Some kind of floating spikey cactus guy, because why not? There we lots of choices… Slime, mushrooms, fruit-based, animals, various monsters, etc. Plenty of weird stuff on the Asset Store, but really I wasn’t particularly drawn to any of them. The cozy cute vibe just seems non-existant outside of anime based slime creatures which were just kind of disappointing overall. It’s amazing the impact that Mario has in the ‘feel’ and ‘design’ community, but not in the ‘art’ community. Even when people execute similar art styles or fan projects its simply not mimic’d like the amazing design features of Mario are.
I settled on a kit that had some pokemon-like monsters and their weaker ‘evolutions’ were somewhat applicable to the theme I was trying to go with so I got them rolling in.
We’ve got booping from above, boops from below, damage, chasing, patrols, and a few more knick-knacks. This part was a little bit tricky because you need support for jumping on top of enemies to get rid of them, but you also need to be hurt when you touch them. Balancing these hit-boxes has been a regular challenge and I may need a fancier way of doing it altogether because the trigger volumes are super tedious to mess with and get perfect.
I also added Crazy Chickens that work like Mario’s turtle shells. Oh – and you can pick things up now. Like, crazy chickens and boxes. I don’t know why, but you can.

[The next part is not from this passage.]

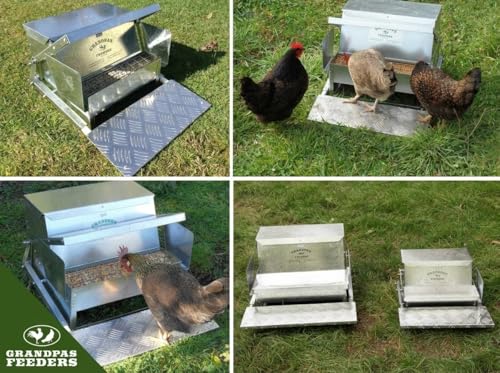 Grandpas Feeders Automatic Chicken Feeder - 20 lbs No Waste Poultry Feeder, Rat Proof & Rodent Proof Treadle Chicken Feeder, Galvanized Steel with Lid, Feeds 6 Chickens up to 10 Days - size: Standard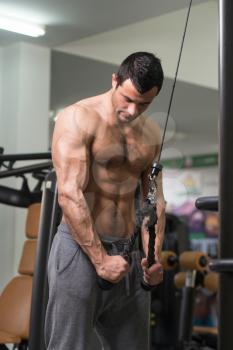 Young Hairy Muscular Fitness Bodybuilder Doing Heavy Weight Exercise For Triceps On Machine In The Gym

Eventually when I got the enemies chasing me around I wondered how to design them to be flexible enough to work anywhere in the level. I added some steering features and just made the ai functionality basically just use the locomotion that the player uses, so it just inputs steering vectors to do what it wants. If the target player is higher than it and there’s something in the way, it’ll try to jump over it.
This was way easier to implement than I expected it to be. They definitely get stuck in some places, but there’s no NavMesh requirements, no crazy A* algorithm, no design requirements, just some dude steering around the scene and trying to jump if he needs to. I’m pretty stoked at the result for the amount of effort it took and I should be able to sort out the getting stuck on walls and stuff.
There’s also a “Debug” world, and some easy toggles to get there which made testing much simpler. I think that it’s really helpful to design whatever you’re doing in a way that lets you test with minimal effort. Just press play and poof its just there and working. Throw things in, they work. Drop a player in, it works. Assign control to a mushroom, it works – wait, what?
I was also impressed that in Mario games there’s really no Human enemies. I remembered some interview about it where the quote was something like “humans shouldn’t be fighting other humans” and I think that was a really interesting design pillar to have, so I’ve started designing enemies with a similar idea. It’s also really cool in some games where passive play is entirely viable (undertale) which opens up a lot of creative ideas which are actually much more mentally stimulating than “shoot the enemy to win”.
Maybe these observations are something that makes Mario games to appealing in the first place?
Chuck the Beetle made an appearance too! Here’s the last one for today.
Chuck was an interesting one because he has several different sub-phases required to do his thinking (note the indicator over his head for debugging). Once he is engaging the player, he will 1) pause to think, 2) rotate to aim, 3) charge! If he hits a wall, he’ll stop for a moment and roll back to 1 and think about his life choices before trying again. While hes charging he has only minor control over his steering as the turn speed is reduced while charging. Normally his turn speed is average, and since I didn’t want to have his charge be completely straight, he’s got some control but not enough to make him an unpredictable chasing mess of a monster.